I needed a job and told the executive chef at the Mariott in Denver, “I need to pay the rent, I want to learn and I promise not to steal.” He said “Can you start today?” He took me under his wing. I always knew how to cook a hamburger. I would come home and my mother would have frozen hamburgers in the freezer, I would turn on the grill, eat it on a paper plate, wipe the fork off, put it back in the drawer and no one ever knew I was there. So boiling water, how hard is that? Helen and I are both good cooks and we like to entertain. We came back here from Denver and Damenti’s went up for sale. We went to the bank and they said would lend us the money. We borrowed $20,000 more than we needed for financial padding. The first night in business, Helen and thought we were rich! We had a business and $20,000 dollars in our checking account. Within two weeks, we were back at the bank asking for another $20,000. We’re here 36 years later. We have always been good at hospitality and now we get paid for it.

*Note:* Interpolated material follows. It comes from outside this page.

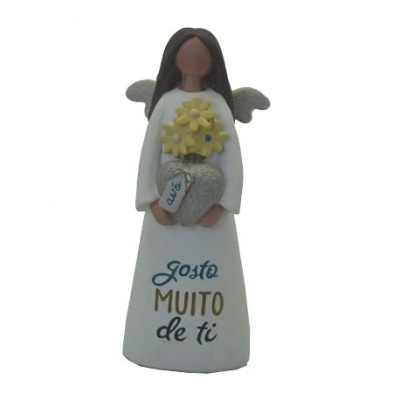 Estátua anjo resina branco com flores amarelas e texto Gosto Muito de Ti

Where does ice sculpting come into the picture?
Once we took over the restaurant, I started putting ice carvings on the roof. Then I made a little ice castle for my daughter’s third birthday. Then I built a bigger one for her fourth birthday. By the fifth birthday, I incorporated an ice carving competition. We went wild and had a 250-ton ice palace in the back yard. We produced sculptures in Public Square and Montage Mountain. I’ve produced the national ice carving championship several times. In Kingston, we built a 186-foot train out of ice. We made a 50-ton eagle and dynamited it at the end. We’ve had a lot of fun. Ice becomes unsafe when you create a big structure. You can put up all the caution signs you want and people will walk right through it. You have to bring it down, so why not make it dramatic. Sometimes, it’s as much fun bringing the sculptures down as it is building them up.
And your work snowballed from there?
Absolutely. I was president of the National Ice Carving Association several terms. We competed at the world championships in Fairbanks, Alaska. We would go up there to have a good time. We would do a nice piece for the public, then go mushing, go see the Aurora and visit the hot springs. Everybody else can work 24 hours a day.

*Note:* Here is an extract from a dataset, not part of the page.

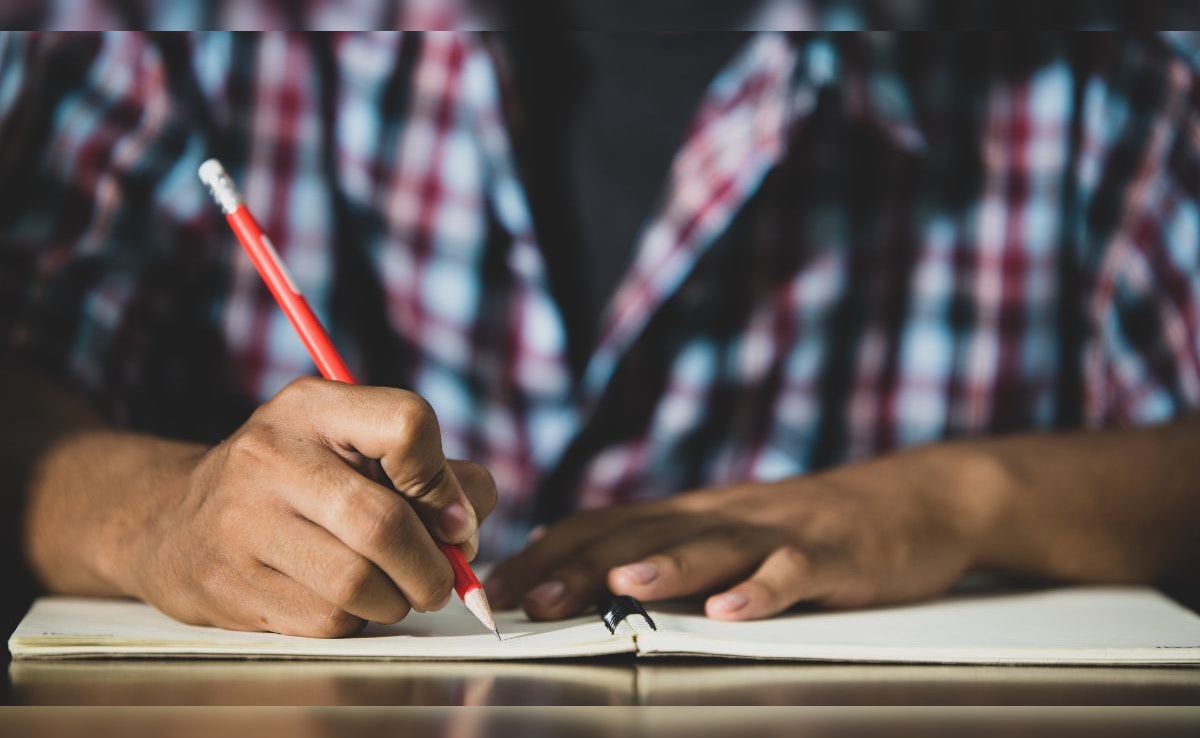 BPSC AEDO परीक्षा में ब्लूटूथ से मिल रहे थे हर सवाल के जवाब, सॉल्वर गैंग ने 20 लाख में की थी डील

How much is ice sculpting artistic expression and having fun opposed to competition?
The competition is great. Everyone was self-taught way back then. It wasn’t until completions that you learned other people’s tricks. When I first started, I took a block of ice and I would scratch my design on it then cut through with a chainsaw. During my first competition, the kid next to me takes a piece of paper with a dove on it, sticks it on the ice and takes out his chainsaw. I’m still scratching away and he had his chainsaw out. I said “That’s a good idea. I’m going to use that technique next time.” You make some great friends and the camaraderie in this industry is amazing.

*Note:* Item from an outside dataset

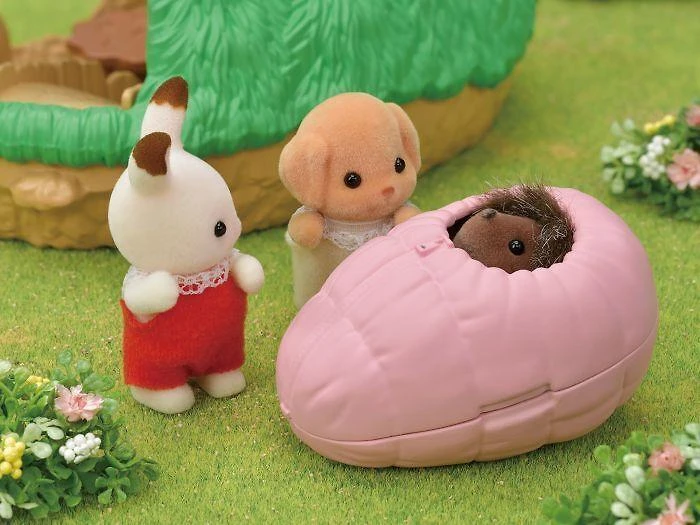 Epoch Figūrėlė su ežio nameliu Sylvanian Families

Talk about Damenti’s Ice Bar.
This is its fourth season. The first year we did a classic Roman arch with no ceiling. It was a big igloo. It threw the LCB off. They came in to figure out what a self-standing bar of ice was. According to liquor laws, you have to have table and chairs for a certain amount of people. I told them I had the chairs, but nobody wanted to sit on the ice so we turned them into another sculpture!
Where did the idea come from and how has it evolved?
We have been putting displays in the back yard for 35 years and you just can’t work outside anymore in Pennsylvania; you need refrigeration. The second year, we put a roof on the building. We added refrigeration in the third year. We are going to change the design this summer and Helen has been working on a new façade. It’s a patio bar in the summer and we serve beer at 28 degrees; beer doesn’t freeze until 27 degrees at this altitude.
What should people expect when they are visiting the ice bar for the first time?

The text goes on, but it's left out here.